Could someone please tell me what should I do so that it uses the gpu and not the cpu?
I’m not sure if this is still an open question for you, but in case it is, here are a few questions that might help you debug the situation.
- Are the nvidia drivers and CUDA installed on the host?
Try running some of the examples included with CUDA on the host (not within docker) and run
nvidia-smi to see if the gpu is being utilized.
- Are you using the nvidia docker runtime?
From your docker command, it looks like you are setting device mappings manually. With the nvidia runtime, I don’t think those mappings are necessary. Just include
- Have you installed the GPU versions of the deep learning libraries?

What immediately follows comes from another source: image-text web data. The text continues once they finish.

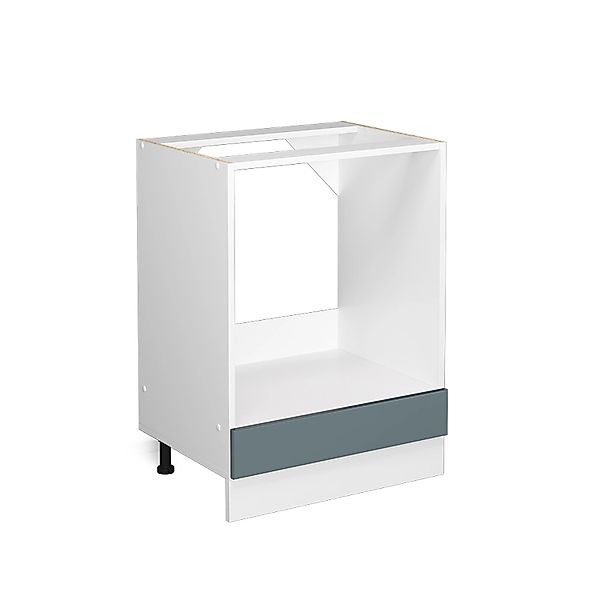 Vicco Herdumbauschrank R-Line Blau-Grau/Weiß 60 cm ohne Arbeitsplatte günstig online kaufen
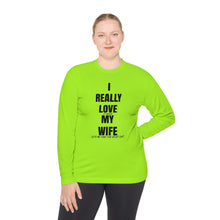 Load image into Gallery viewer, I Really Love My Wife Funny Credit Card Captain Long Sleeve Tee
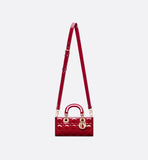 Small Lady Bag Cherry Red Patent Cannage Calfskin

I see you have a custom docker image “my-image:latest”. Can you make sure you have installed the gpu versions of pytorch (and tensorflow if using). Seems unlikely, but…
- Check gpu availability from Python.
For pytorch, follow the steps in this answer: https://stackoverflow.com/questions/48152674/how-to-check-if-pytorch-is-using-the-gpu
If this still doesn’t work, more details on your setup would be helpful (including your Dockerfile). Any any debugging steps you have already tried could also give some clues.